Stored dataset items
#####

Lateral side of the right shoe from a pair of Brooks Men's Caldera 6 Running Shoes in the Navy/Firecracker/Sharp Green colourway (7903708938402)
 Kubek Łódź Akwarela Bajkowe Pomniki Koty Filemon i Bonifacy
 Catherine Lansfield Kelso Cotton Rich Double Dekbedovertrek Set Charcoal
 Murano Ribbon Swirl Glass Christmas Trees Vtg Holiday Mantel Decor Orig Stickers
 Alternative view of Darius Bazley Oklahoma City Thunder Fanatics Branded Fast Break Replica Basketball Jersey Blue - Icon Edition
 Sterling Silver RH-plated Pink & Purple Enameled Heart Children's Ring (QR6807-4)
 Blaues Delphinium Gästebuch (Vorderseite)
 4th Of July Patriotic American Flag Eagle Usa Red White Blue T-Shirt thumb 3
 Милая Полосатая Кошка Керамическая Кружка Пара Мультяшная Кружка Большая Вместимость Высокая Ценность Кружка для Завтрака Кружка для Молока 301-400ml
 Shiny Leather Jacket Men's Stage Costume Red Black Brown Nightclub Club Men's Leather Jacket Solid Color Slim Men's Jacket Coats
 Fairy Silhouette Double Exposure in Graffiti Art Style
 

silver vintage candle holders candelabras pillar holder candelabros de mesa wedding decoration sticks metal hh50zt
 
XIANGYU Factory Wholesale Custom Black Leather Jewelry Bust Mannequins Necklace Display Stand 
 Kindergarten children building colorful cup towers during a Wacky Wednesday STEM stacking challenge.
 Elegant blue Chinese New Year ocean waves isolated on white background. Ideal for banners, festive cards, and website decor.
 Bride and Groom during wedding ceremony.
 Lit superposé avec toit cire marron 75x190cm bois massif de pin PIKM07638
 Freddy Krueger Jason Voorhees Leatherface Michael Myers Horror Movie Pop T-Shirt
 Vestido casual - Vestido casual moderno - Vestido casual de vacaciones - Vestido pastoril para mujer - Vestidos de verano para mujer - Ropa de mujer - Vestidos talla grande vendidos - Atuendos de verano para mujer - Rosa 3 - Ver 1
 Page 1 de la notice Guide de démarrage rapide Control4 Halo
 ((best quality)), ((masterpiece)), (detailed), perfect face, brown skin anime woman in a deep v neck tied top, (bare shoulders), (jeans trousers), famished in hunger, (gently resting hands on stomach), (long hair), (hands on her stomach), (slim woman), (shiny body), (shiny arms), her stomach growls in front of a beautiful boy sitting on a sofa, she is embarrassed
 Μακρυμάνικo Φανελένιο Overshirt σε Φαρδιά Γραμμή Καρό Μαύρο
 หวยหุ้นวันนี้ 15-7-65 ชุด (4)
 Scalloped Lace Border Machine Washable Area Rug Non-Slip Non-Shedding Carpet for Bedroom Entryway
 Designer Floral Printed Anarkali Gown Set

#####

● **ACTIVITY**
Produce an exact transcription of the lines from the one containing "Scalloped Lace Border" through the end of the records, both included, and no other lines.

● **RESPONSE TO THIS TASK**
 Scalloped Lace Border Machine Washable Area Rug Non-Slip Non-Shedding Carpet for Bedroom Entryway
 Designer Floral Printed Anarkali Gown Set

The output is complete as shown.